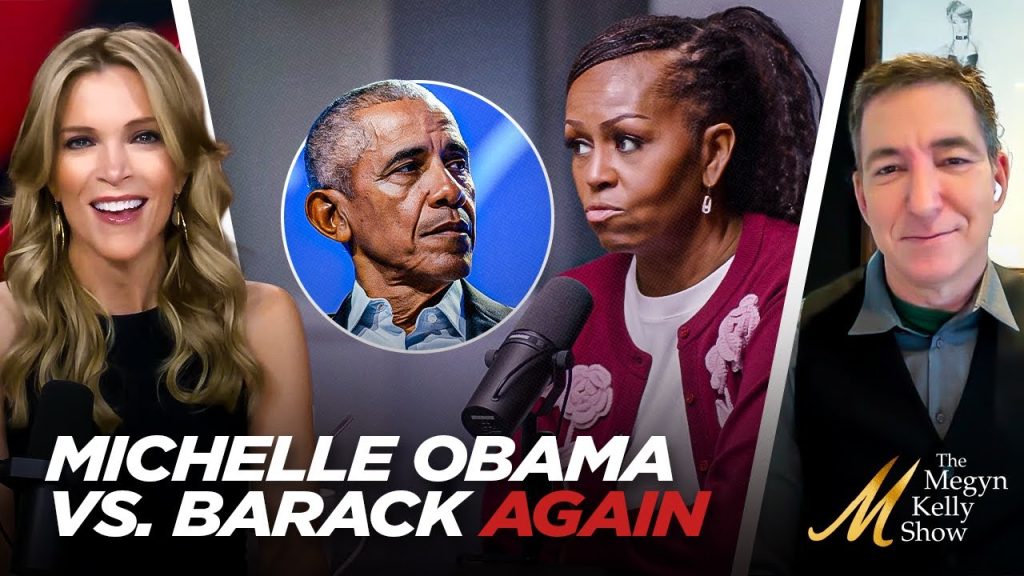 Michelle Obama Can’t Stand Barack, While Kimmel and Colbert Hate MAGA
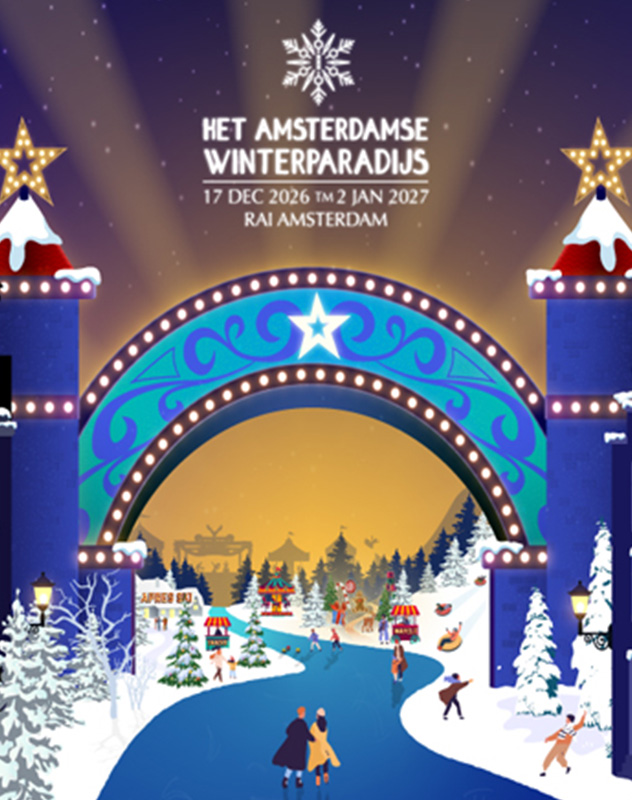 Het Amsterdamse Winterparadijs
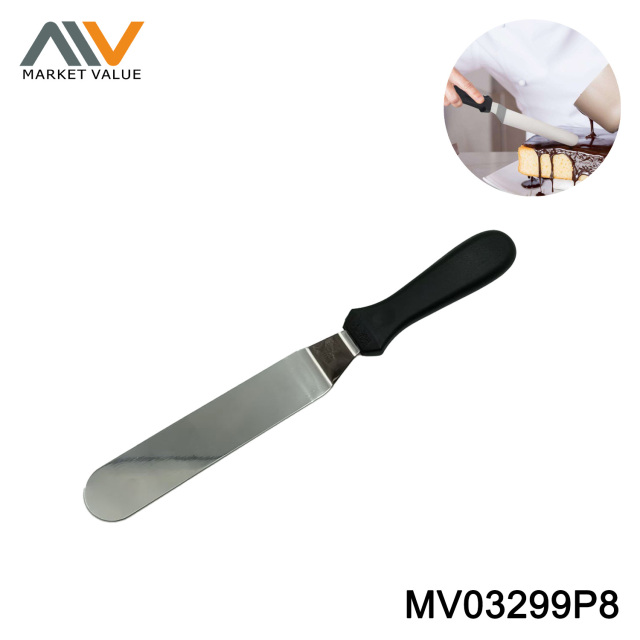 7.5"BUTTER KNIFE WITH PP HANDLE,T/C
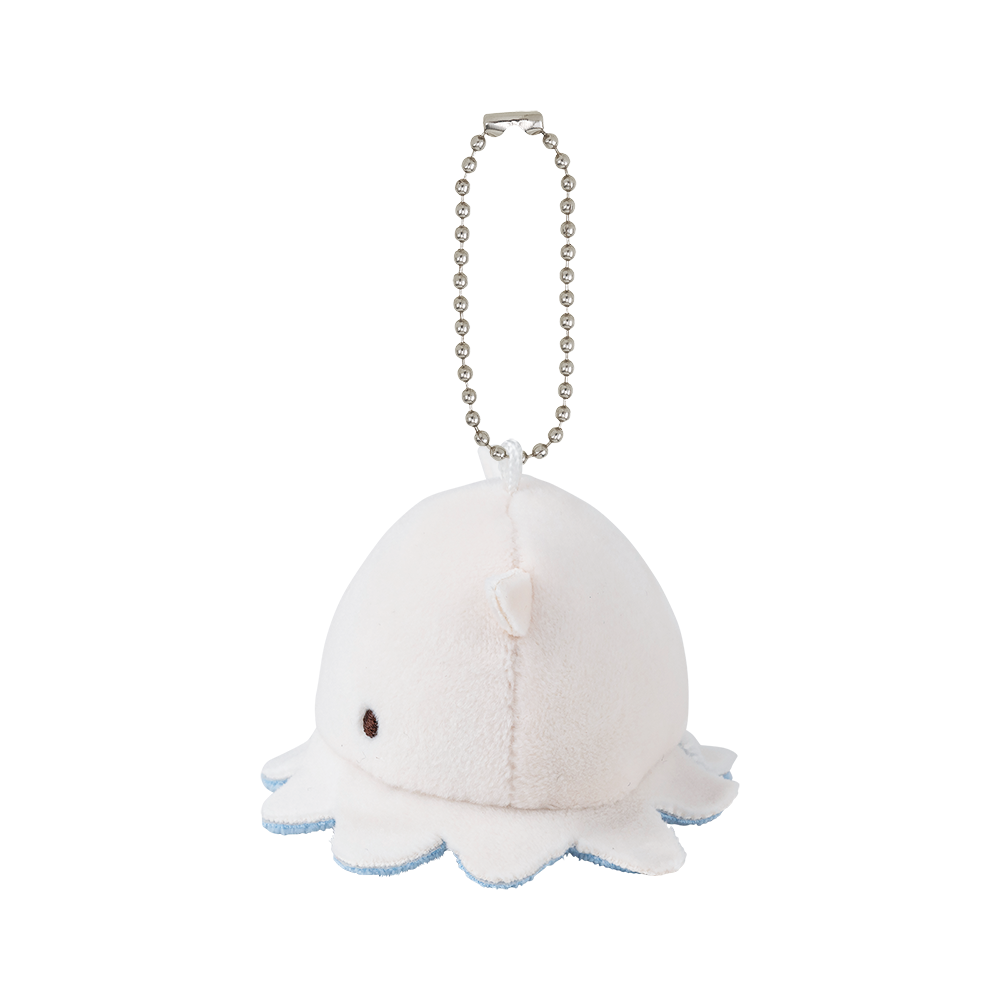 Livheart Marshmallow Aquamie Chain Mascot Squid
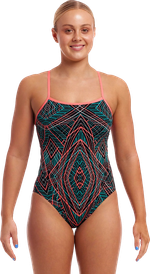 Купальник FUNKITA Spiro Mint (Swim Secure)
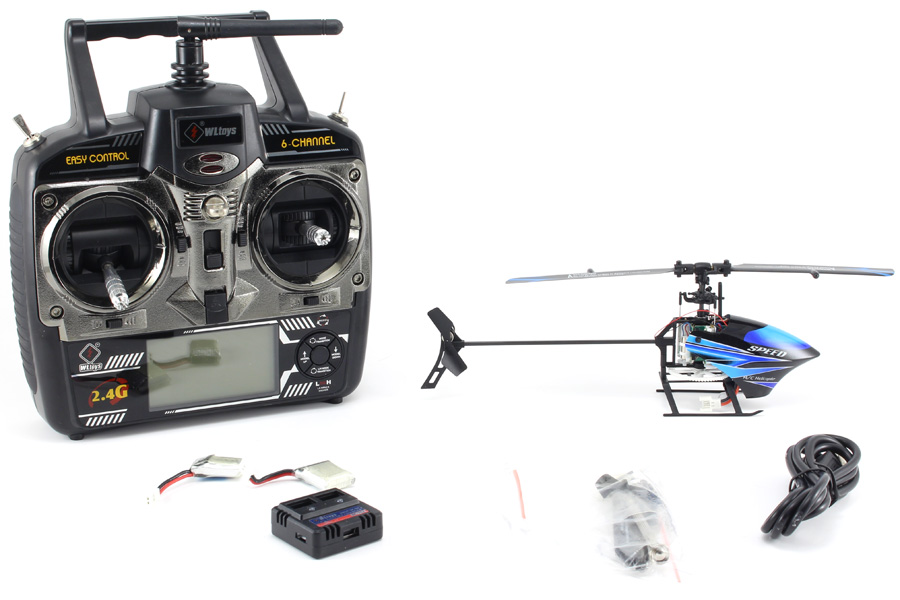 Bild p� Demo - RC Helikopter V933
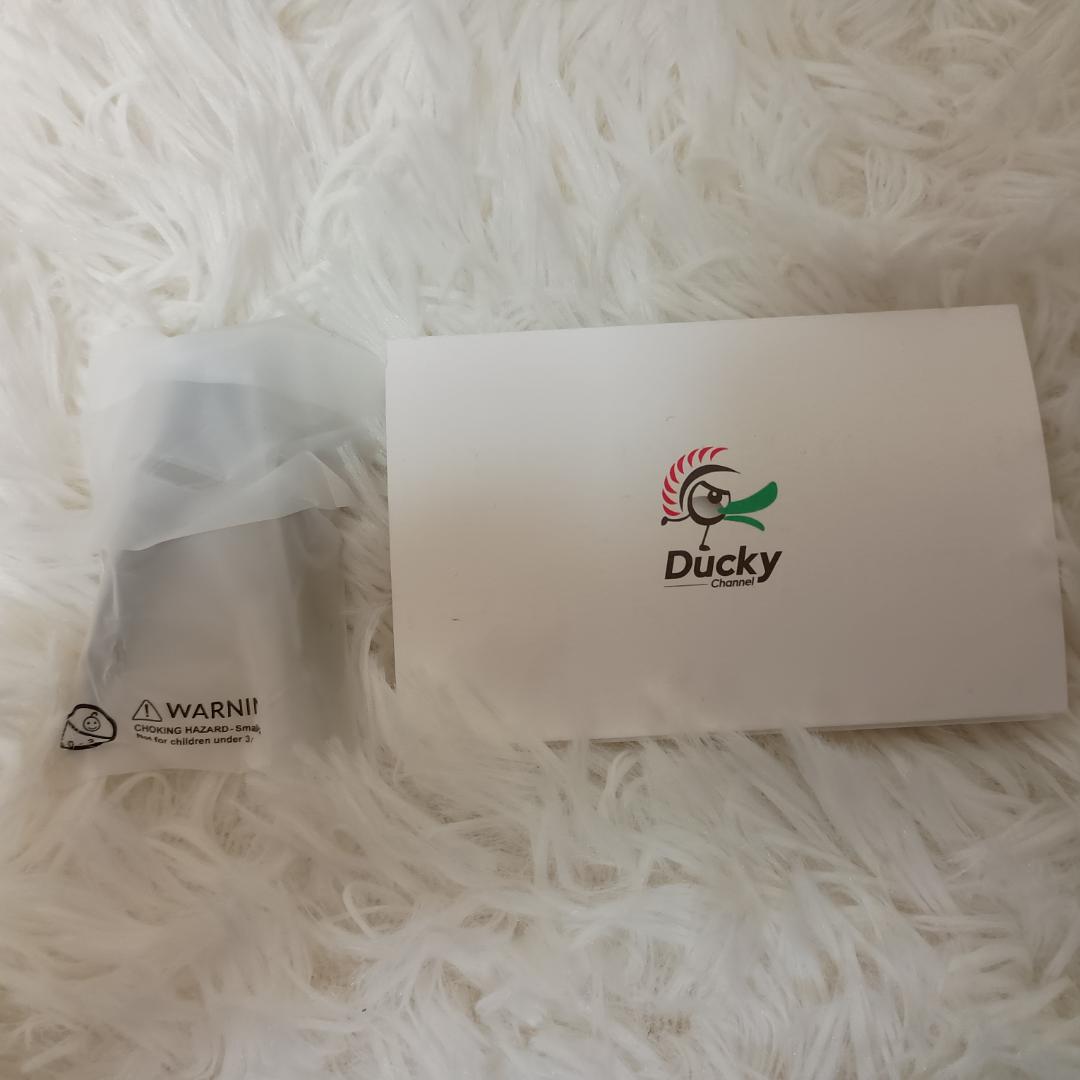 Ducky One 3 Mini ゲーミングキーボード キーキャップ ケーブル付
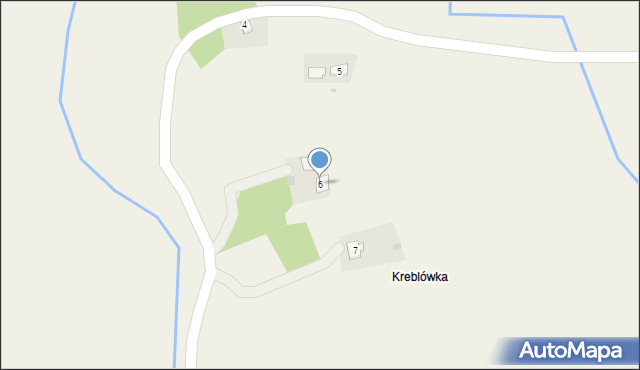 Rokietnica, Rokietnica, 6, mapa Rokietnica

• **Description of the task**: Only the lines from the one containing "Het Amsterdamse Winterparadijs" through the last line of the material should be returned, exactly and without pictures.

• **Solution for this exercise**:
 Het Amsterdamse Winterparadijs
 7.5"BUTTER KNIFE WITH PP HANDLE,T/C
 Livheart Marshmallow Aquamie Chain Mascot Squid
 Купальник FUNKITA Spiro Mint (Swim Secure)
 Bild p� Demo - RC Helikopter V933
 Ducky One 3 Mini ゲーミングキーボード キーキャップ ケーブル付
 Rokietnica, Rokietnica, 6, mapa Rokietnica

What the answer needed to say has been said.